The author divides his book into three parts: the first examines and compares Pearl Harbour and the impact of the surprise Japanese attack – “day of infamy” – upon an unprepared America; the second – “Ground Zero 1945 and Ground Zero 2001” – examines the targeting of civilians as acceptable warfare: the firebombing of German and Japanese cities in WWII culminating in Hiroshima and Nagasaki; and the third, final section “Occupied Japan and Occupied Iraq” explores the many factors that contributed to Japan’s successful postwar recovery and reconstruction on the one hand, and to predictable conflict, disintegration and tragedy in Iraq on the other.

What happened (and continues to happen) in Iraq is a scathing indictment of the Bush administration’s faith-based war policies. The analyses are compelling and the book has been deeply researched yet to this reviewer there is a curious flaw in the work: it is as though Afghanistan has been airbrushed out of consideration. The result of 9/11 was the almost immediate invasion of Afghanistan by the UN backed American led coalition. Once in Afghanistan the Americans used the opportunity of war to invade Iraq – a long cherished design concerned with oil and the domination of the oil rich Gulf – yet the book reads as though Iraq was the natural outcome of 9/11 rather than Afghanistan.

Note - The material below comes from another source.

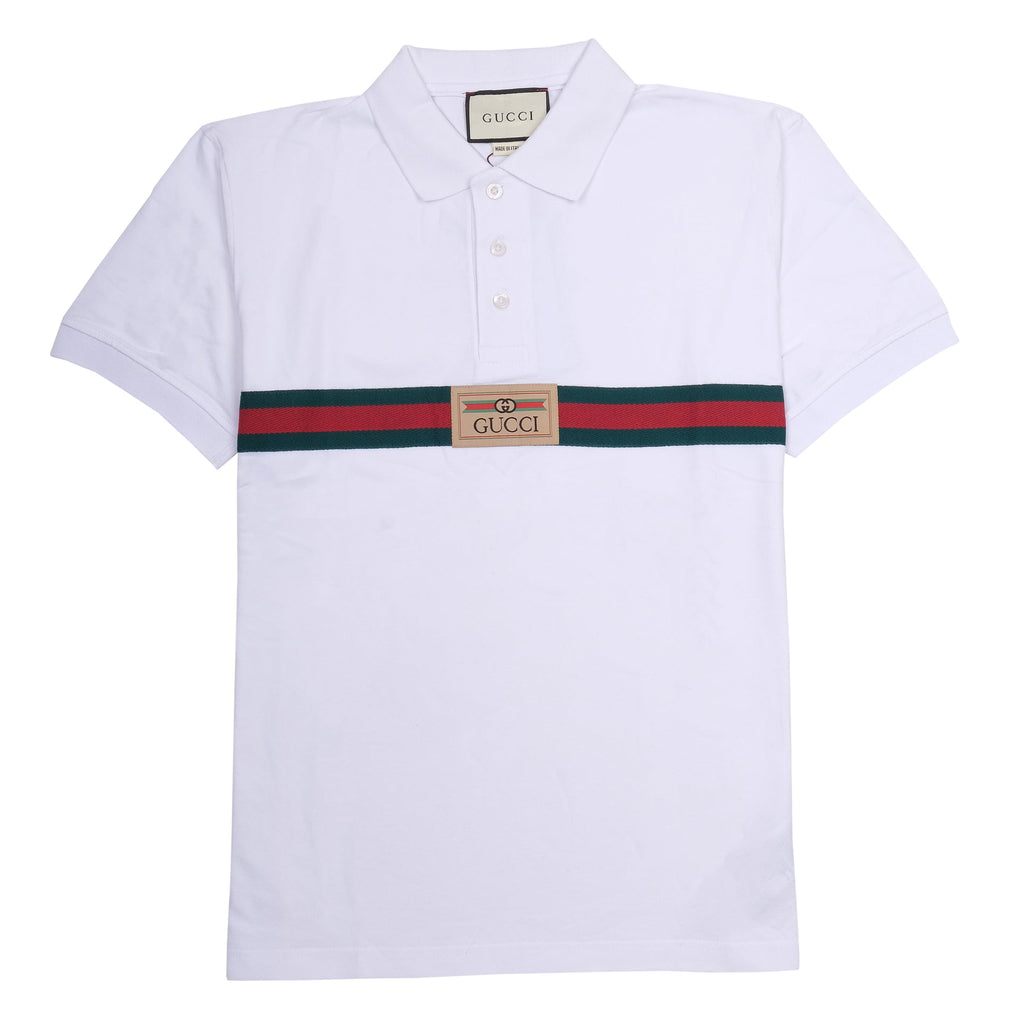 GUCCI Cloud White Luxe Stripe Slim Fit Polo Shirt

If we jump forward to 2010 when Cultures of War was published, Iraq remains a pitiful mess, supposedly ruled by the successor government left by the Americans whose combat troops have been withdrawn while 50,000 non-combat? troops remain in the country. In Afghanistan, following the capture and killing of Osama bin Laden, President Obama has finally initiated the withdrawal of US forces and the Americans have at last accepted that no solution will make sense unless they talk with the Taliban.

The book is a major addition to the scholarship and understanding of warfare in its many guises. John Dower is a Pulitzer Prize winner for his book: Embracing defeat: Japan in the Wake of World Wear II.